BASEBALL'S LIFELONG LESSONS
Sikes has countless stories of games and players that he could tell for hours on end.
And he believes being a Major League trainer helped prepare him for teaching.
“I think in sports, as in anything, one of the key ways to be successful is to have a relationship with the people you work with,” he said. “I’ve taken some of those lessons I’ve learned from athletics and being in Major League Baseball and put them in the classroom.
"I found that is one of the ways you can be effective with your students: have a relationship with them.One of the things I try to do (is) one of the things I learned from Al Jackson (a former Mets pitcher and pitching coach). We were talking and I asked him, ‘What do you do as a pitching coach?’ And he said, ‘I make sure to talk to all my pitchers every day. That’s my first mission is to go and talk to them.”
Sikes took that lesson to heart and uses it every day in the classroom. He likes to call a student by name every day.
“Those are some of the lessons you learn about being successful,” he said.
'ALWAYS VERY JOYFUL' DREAMS
Sikes still thinks about his days with the Mets.
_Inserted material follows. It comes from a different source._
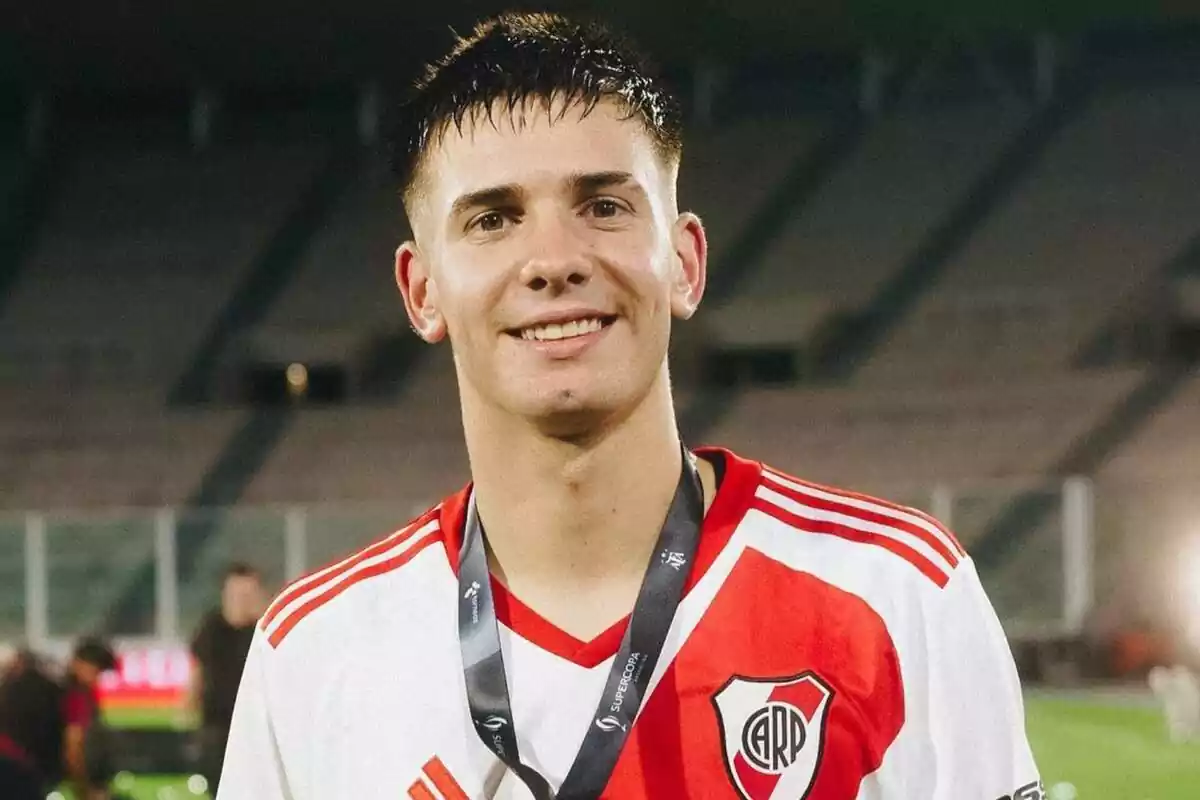 Franco Mastantuono posing with the River Plate shirt with a medal hanging around his neck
“I still dream about being there every night,” he said. "There is something about being a part of those teams that starts coming back, and it’s always very happy. It’s always very joyful.
“I’m lucky to have good dreams like that. I feel extremely blessed and fortunate to have experienced that.”
Sikes has no regrets about his climb to the Big Leagues or his time spent with the Mets.
“As it has worked out now, I am very happy,” he said. “I’m very happy to be a teacher. It’s an extremely rewarding experience.
“A day doesn’t go by that I don’t know I have not somehow benefited from the experience of being in the Major Leagues.”